--- Data excerpts ---

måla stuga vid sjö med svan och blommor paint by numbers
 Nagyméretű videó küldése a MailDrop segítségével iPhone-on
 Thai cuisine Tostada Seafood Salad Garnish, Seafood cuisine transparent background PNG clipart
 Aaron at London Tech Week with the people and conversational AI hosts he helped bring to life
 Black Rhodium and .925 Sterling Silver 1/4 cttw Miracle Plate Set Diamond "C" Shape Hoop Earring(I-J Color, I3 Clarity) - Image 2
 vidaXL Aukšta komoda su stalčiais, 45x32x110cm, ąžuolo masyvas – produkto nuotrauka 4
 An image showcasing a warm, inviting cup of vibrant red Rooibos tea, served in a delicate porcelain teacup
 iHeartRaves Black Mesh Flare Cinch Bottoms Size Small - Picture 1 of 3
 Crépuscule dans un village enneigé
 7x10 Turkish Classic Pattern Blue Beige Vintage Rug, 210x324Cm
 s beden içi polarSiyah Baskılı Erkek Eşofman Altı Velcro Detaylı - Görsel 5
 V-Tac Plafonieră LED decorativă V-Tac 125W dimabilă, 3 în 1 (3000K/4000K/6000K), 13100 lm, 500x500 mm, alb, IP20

---

Work request – Copy word for word the stretch of entries above from the line that has "An image showcasing" through the line that has "s beden içi", both ends included, and nothing outside it.

Exercise response –
 An image showcasing a warm, inviting cup of vibrant red Rooibos tea, served in a delicate porcelain teacup
 iHeartRaves Black Mesh Flare Cinch Bottoms Size Small - Picture 1 of 3
 Crépuscule dans un village enneigé
 7x10 Turkish Classic Pattern Blue Beige Vintage Rug, 210x324Cm
 s beden içi polarSiyah Baskılı Erkek Eşofman Altı Velcro Detaylı - Görsel 5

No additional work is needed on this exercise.